Data for analysis
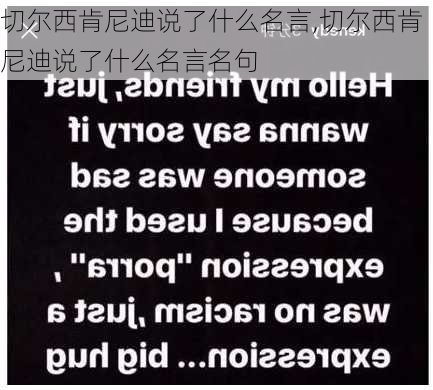 切尔西肯尼迪说了什么名言,切尔西肯尼迪说了什么名言名句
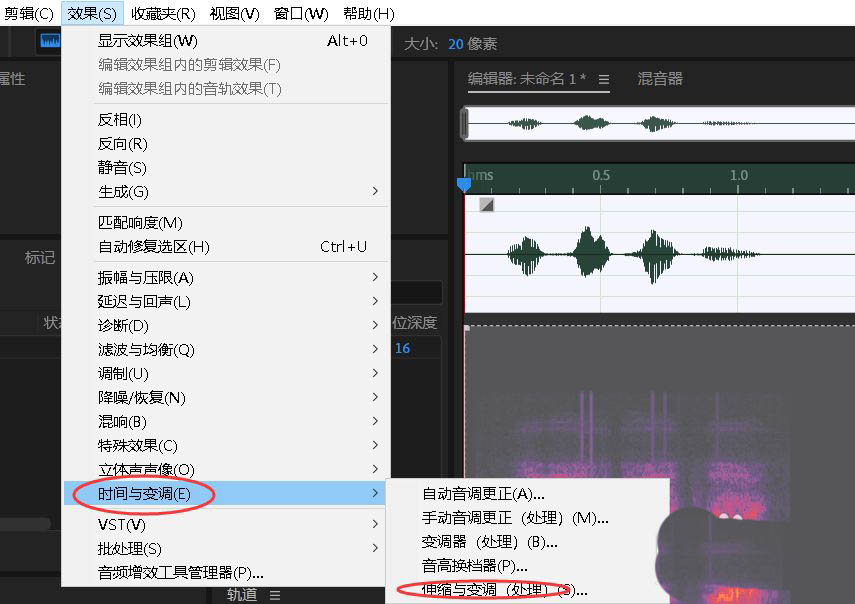 audition怎么做怪兽音效? Au怪兽配音效果的实现方法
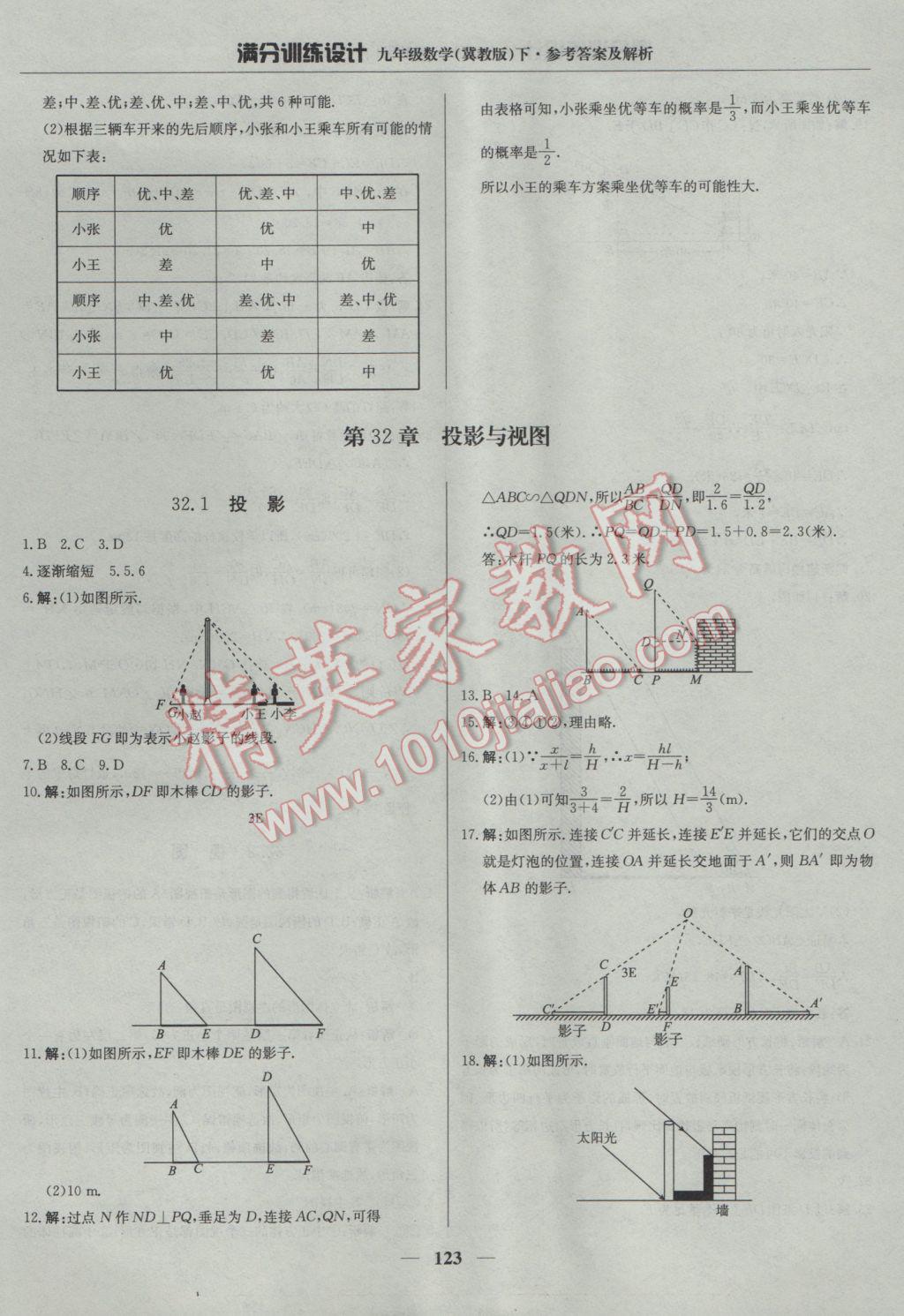 2017年滿分訓(xùn)練設(shè)計九年級數(shù)學(xué)下冊冀教版 參考答案第36頁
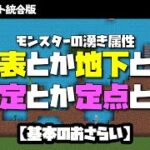 【マイクラ統合版】モンスターの湧きによる属性について語る【基本のおさらい】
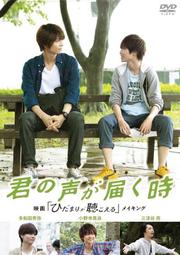 《向陽處的她》ISBN:9578038631│平裝本出版有限公司│越谷治│只看一次 歷史價格詳細信息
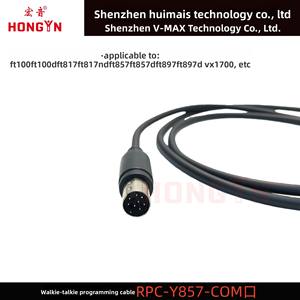 Cable de programación de frecuencia Hongyin para radios de coche Yaesu FT450/FT818/FT818ND, modelo RPC-Y857-<span class=keywords><strong>COM</strong></span>, puerto serie - Product Image 4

About this exercise
With the pictures removed, return the full listing exactly as given.

Exercise solution
 切尔西肯尼迪说了什么名言,切尔西肯尼迪说了什么名言名句
 audition怎么做怪兽音效? Au怪兽配音效果的实现方法
 2017年滿分訓(xùn)練設(shè)計九年級數(shù)學(xué)下冊冀教版 參考答案第36頁
 【マイクラ統合版】モンスターの湧きによる属性について語る【基本のおさらい】
 《向陽處的她》ISBN:9578038631│平裝本出版有限公司│越谷治│只看一次 歷史價格詳細信息
 Cable de programación de frecuencia Hongyin para radios de coche Yaesu FT450/FT818/FT818ND, modelo RPC-Y857-<span class=keywords><strong>COM</strong></span>, puerto serie - Product Image 4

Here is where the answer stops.